En généralisant les alignements automatiques sur l’un ou l’autre camp, le conflit israélo-palestinien continue de susciter des passions. La barbarie des uns occulte et justifie même la barbarie des autres. Mais ça, ce n’est pas l’antisémitisme. Taguieff tombe dans la posture partiale en confondant les critiques de l’occupation et de la colonisation israélienne avec l’existence d’un « antisémitisme éliminationniste » (p. 38 et note 43). Et toutes les fois que ces mêmes critiques émergent des rangs juifs ou israéliens, il brandit l’argument de la « haine juive de soi ». Personnellement, je pense que nous devons dénoncer la violence et la brutalité dans les deux camps. Mais contrairement à Taguieff, j’ai de l’admiration pour ces Israéliens et pour ces juifs qui, loin de souffrir du syndrome de la « haine juive de soi », et sans renoncer à leur identité et à leur patrie, font des efforts pour se mettre aux côtés de l’Autre, car c’est l’unique voie pour construire la paix et la justice.

—G. A. C.

 

NOTES

 

1. Leo Ferraro, El ultimo protocolo. Las claves secretas del dominio sionista mundial: Vasallo de Mumbert, 1986, p. 7.

2. Pierre-André Taguieff est directeur et auteur principal de Protocoles des Sages de Sion. Faux et usage d’un faux, Paris, Berg International, 1999. Il est également l’auteur de L’Antisémitisme de plume, 1940-1944, Paris, Berg International ; La Force du préjugé. Essai sur le racisme et ses doubles, Paris, La Découverte, 1987 et Le Racisme, Paris, Flammarion, 1997.
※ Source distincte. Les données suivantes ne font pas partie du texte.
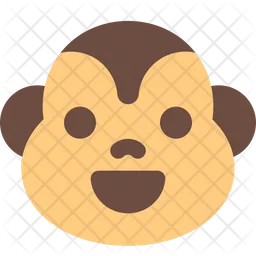 Monkey Smiling Emoji Icon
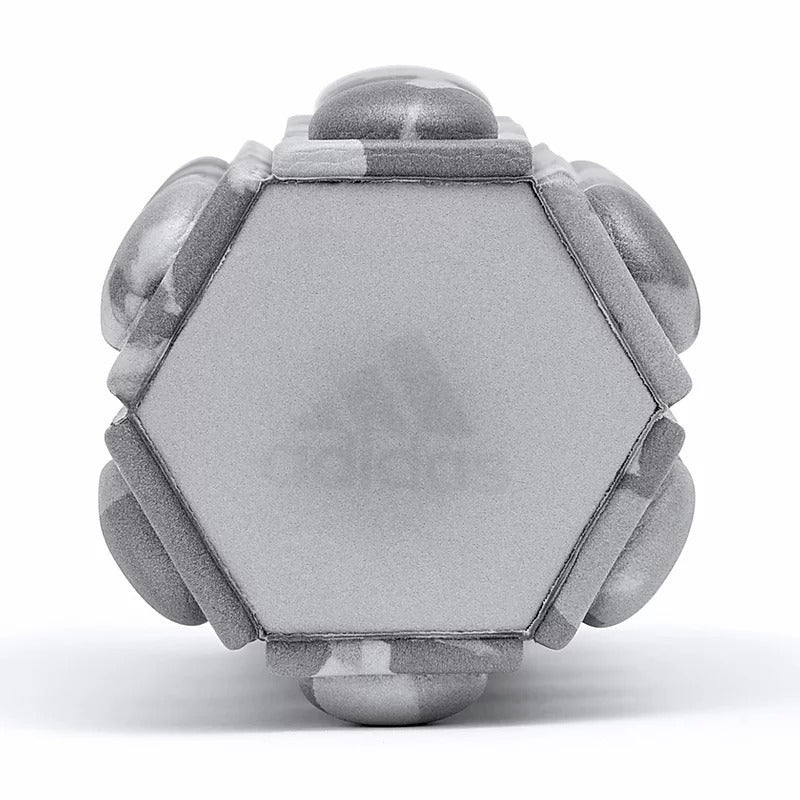 Adidas Mini Textured Foam Roller Recovery Gym Fitness Sport Physio - Grey Camo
3. P.-A. Taguieff, Le Racisme, p. 32-43.

4. In Gonzalo Álvarez Chillida, El Antisemitismo en España, Madrid: Marcial Pons, 2002, p. 446-470, où je fais le commentaire des contenus de six ouvrages espagnols antisionistes de gauche parus pendant la guerre froide.

5. Les citations de Kenan, Hass et Sternhell sont tirées de Ilusiones de Oriente Medio, Madrid, Popular, 2003, p.165, 321, 327. Shlomo Ben-Ami, ¿ Cual es el futuro de Israel ?, Madrid: Ediciones B., 2002, p. 451-466. Edition originale : Shlomo Ben-Ami, Quel avenir pour Israël ? Entretiens avec Yves Charles Zarka, Jeffrey Andrew Barash et Elhanan Yakira, préface de Yves Charles Zarka, Paris, PUF, 2001.

6. Sh. Ben-Ami, ibid.

7. Ibid., p. 476.

8. Primo Lévi, Entrevistas y conversaciones, Barcelona: Península, 1998, p. 63. La citation de Buber est extraite de l’article de Daniel Romero, El País, 28-12-2003. Celle de Dayan, in Avi Shlaïm, El muro de hierro, Granada : Almed, 2003, p. 150.

9. Gustavo Daniel Perednik, La judeofobia, Barcelona: Flor del viento, 2001, p. 145-147.

10. Cité par Henry Siegman, in « Israel : “The Threat from Within” », New York review of Books, 26-2-2004, p. 15-17.

11. César Vidal, España frente al islam, Madrid: La Esfera de los Libros, 2004, p. 436-437.